Records for this task below:
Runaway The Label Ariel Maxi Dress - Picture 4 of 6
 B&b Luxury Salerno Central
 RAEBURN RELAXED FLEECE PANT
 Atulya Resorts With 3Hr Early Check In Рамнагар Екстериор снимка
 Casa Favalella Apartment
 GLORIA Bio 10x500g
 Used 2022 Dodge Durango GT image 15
End of Records for this task.
| What needs to be done |
Every record must be written out again without any change.

| Response for this exercise |
Runaway The Label Ariel Maxi Dress - Picture 4 of 6
 B&b Luxury Salerno Central
 RAEBURN RELAXED FLEECE PANT
 Atulya Resorts With 3Hr Early Check In Рамнагар Екстериор снимка
 Casa Favalella Apartment
 GLORIA Bio 10x500g
 Used 2022 Dodge Durango GT image 15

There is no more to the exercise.